Scraped caption text data:
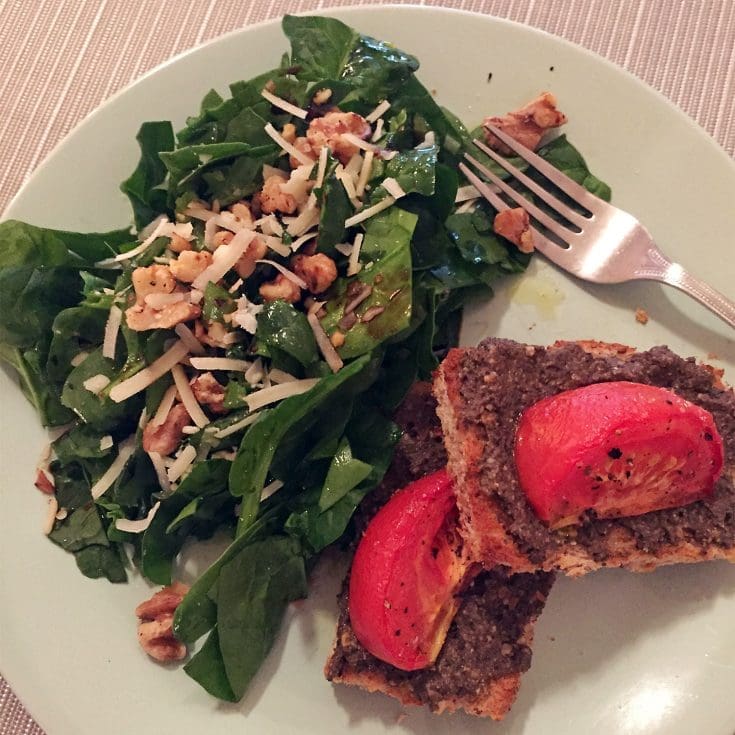 Salade d’épinards et noix de Grenoble avec croûtons à la tapenade d’olive et tomates rôties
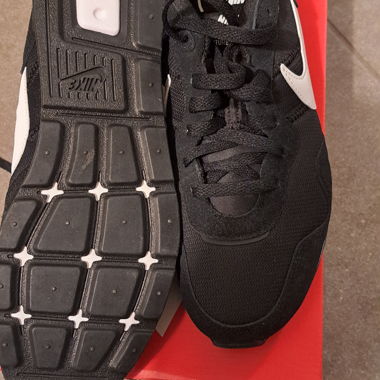 Sneakers Nike Venture Runner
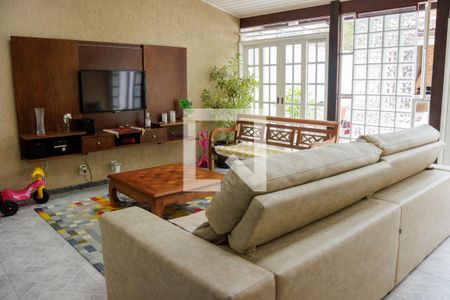 Sala de casa à venda com 3 quartos, 170m² em Maria Paula, Niterói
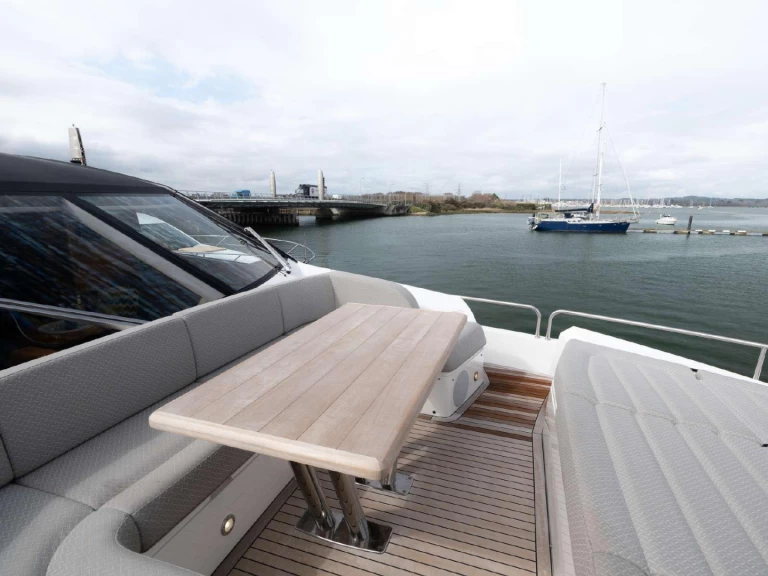 Pronájem Jachta v Ibiza Town -Vanquish 82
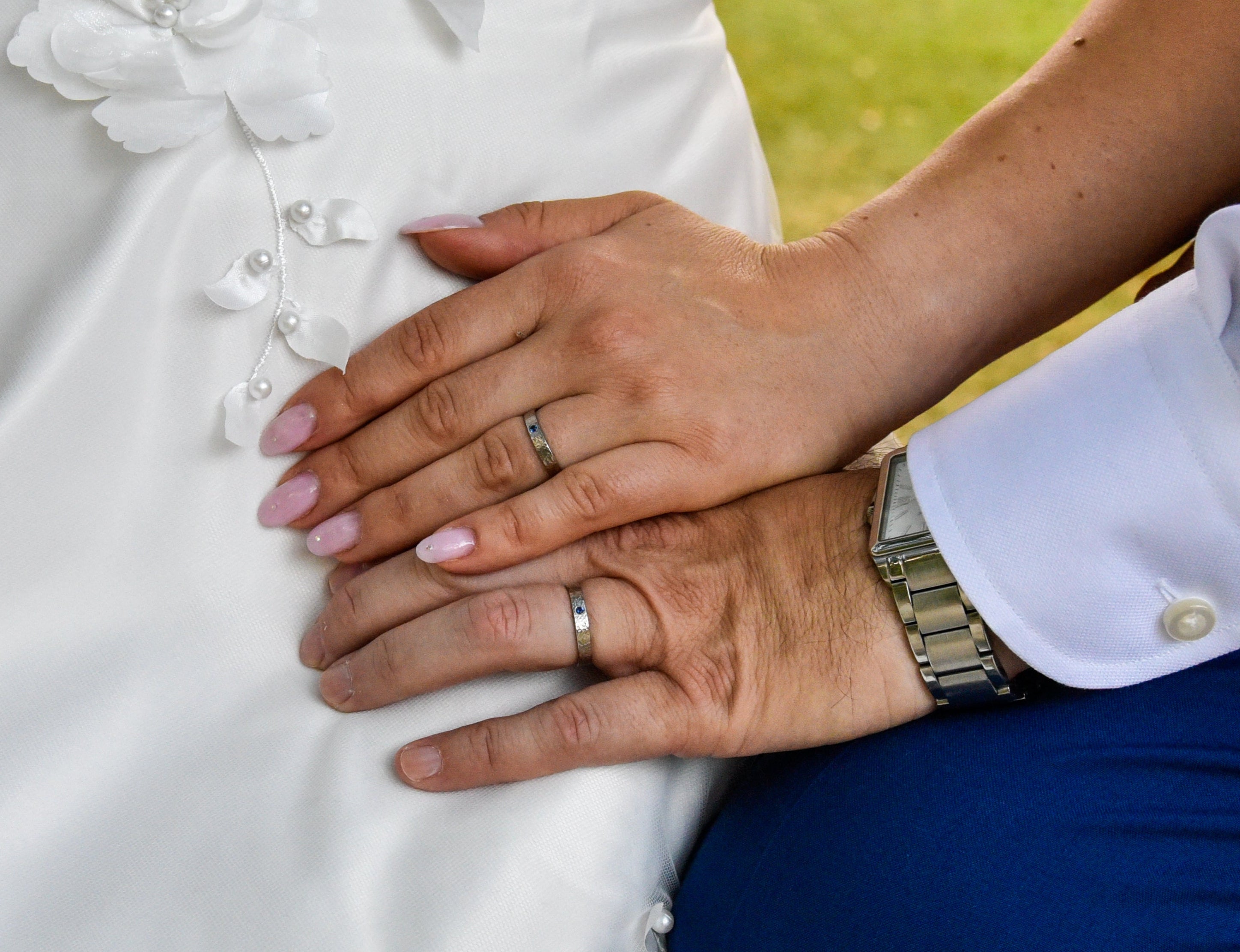 Fedi nuziali artigianali su misura realizzate da Aurora Bariletti laboratorio orafo a riva del garda.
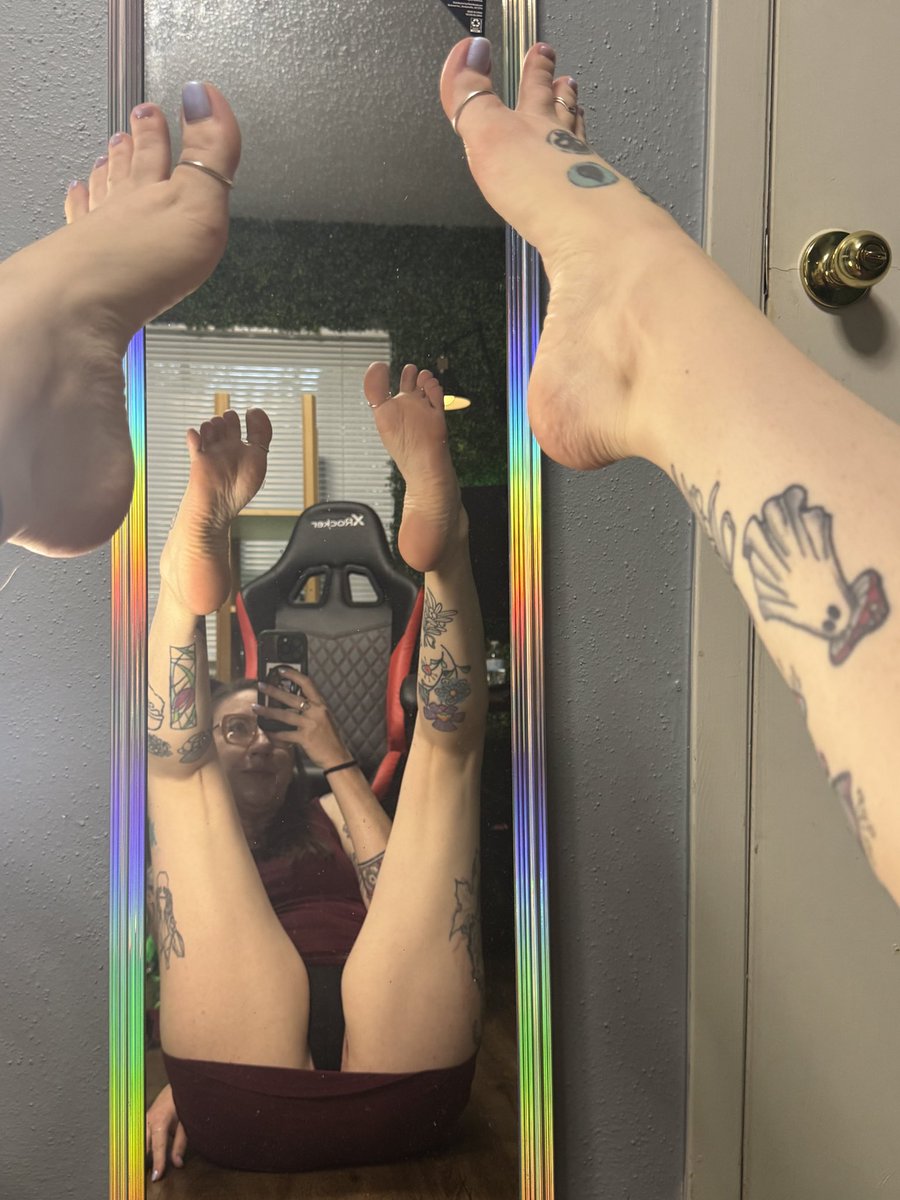 Red Lilly (Half BDay March 10th๐) tweet media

→ WHAT YOU HAVE TO DO
Return all the data exactly, pictures omitted.

→ YOUR SOLUTION
 Salade d’épinards et noix de Grenoble avec croûtons à la tapenade d’olive et tomates rôties
 Sneakers Nike Venture Runner
 Sala de casa à venda com 3 quartos, 170m² em Maria Paula, Niterói
 Pronájem Jachta v Ibiza Town -Vanquish 82
 Fedi nuziali artigianali su misura realizzate da Aurora Bariletti laboratorio orafo a riva del garda.
 Red Lilly (Half BDay March 10th๐) tweet media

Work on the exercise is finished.